■ **Your objective**
Read the data below line by line and copy each one with "game" in it.
━━━ Information given ━━━
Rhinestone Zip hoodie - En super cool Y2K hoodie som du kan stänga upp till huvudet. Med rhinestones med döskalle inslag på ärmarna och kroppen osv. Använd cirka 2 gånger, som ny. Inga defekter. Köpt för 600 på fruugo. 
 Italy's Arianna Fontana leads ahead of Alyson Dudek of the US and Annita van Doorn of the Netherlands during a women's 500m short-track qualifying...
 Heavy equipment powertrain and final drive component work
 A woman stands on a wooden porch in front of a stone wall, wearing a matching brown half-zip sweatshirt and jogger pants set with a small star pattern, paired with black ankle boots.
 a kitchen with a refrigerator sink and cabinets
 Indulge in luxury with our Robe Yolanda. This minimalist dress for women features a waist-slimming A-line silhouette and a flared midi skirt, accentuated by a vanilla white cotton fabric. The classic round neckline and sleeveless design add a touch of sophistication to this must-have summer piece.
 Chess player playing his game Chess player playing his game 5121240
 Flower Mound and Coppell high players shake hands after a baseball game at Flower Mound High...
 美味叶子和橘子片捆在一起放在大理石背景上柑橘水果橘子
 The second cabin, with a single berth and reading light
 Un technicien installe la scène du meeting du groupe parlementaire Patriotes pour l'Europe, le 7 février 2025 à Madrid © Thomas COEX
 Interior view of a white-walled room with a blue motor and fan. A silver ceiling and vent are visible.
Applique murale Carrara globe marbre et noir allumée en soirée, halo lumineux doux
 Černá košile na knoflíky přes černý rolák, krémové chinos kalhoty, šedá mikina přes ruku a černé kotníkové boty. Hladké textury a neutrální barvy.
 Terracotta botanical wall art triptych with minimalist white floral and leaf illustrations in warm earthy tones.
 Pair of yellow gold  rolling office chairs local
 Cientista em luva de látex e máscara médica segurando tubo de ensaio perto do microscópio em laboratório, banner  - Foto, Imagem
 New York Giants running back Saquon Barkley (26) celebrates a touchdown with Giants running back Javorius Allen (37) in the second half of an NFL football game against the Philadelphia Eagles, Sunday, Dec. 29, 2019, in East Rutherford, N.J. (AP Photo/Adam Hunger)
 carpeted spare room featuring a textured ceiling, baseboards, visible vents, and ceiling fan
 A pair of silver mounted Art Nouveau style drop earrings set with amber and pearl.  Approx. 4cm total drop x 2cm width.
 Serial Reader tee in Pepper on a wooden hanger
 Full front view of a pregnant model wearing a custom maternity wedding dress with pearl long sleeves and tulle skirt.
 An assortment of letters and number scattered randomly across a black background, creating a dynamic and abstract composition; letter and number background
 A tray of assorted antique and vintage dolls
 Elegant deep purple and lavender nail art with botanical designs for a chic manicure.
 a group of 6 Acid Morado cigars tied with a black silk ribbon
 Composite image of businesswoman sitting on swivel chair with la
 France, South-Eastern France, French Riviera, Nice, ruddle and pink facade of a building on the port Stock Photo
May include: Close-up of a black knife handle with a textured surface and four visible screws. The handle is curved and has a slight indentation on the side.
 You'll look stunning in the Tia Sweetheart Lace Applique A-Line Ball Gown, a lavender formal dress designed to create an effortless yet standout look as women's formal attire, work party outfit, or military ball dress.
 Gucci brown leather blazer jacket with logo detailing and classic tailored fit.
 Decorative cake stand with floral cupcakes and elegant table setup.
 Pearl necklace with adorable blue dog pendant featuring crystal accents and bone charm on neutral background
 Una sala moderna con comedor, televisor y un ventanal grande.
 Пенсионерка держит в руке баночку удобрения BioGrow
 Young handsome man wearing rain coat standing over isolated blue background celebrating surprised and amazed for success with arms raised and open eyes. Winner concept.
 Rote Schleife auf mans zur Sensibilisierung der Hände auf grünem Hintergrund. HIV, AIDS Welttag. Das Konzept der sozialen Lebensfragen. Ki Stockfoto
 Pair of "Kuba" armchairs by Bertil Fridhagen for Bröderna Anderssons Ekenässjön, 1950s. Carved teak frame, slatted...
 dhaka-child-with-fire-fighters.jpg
━━━
■ **Task output**
 Chess player playing his game Chess player playing his game 5121240
 Flower Mound and Coppell high players shake hands after a baseball game at Flower Mound High...
 New York Giants running back Saquon Barkley (26) celebrates a touchdown with Giants running back Javorius Allen (37) in the second half of an NFL football game against the Philadelphia Eagles, Sunday, Dec. 29, 2019, in East Rutherford, N.J. (AP Photo/Adam Hunger)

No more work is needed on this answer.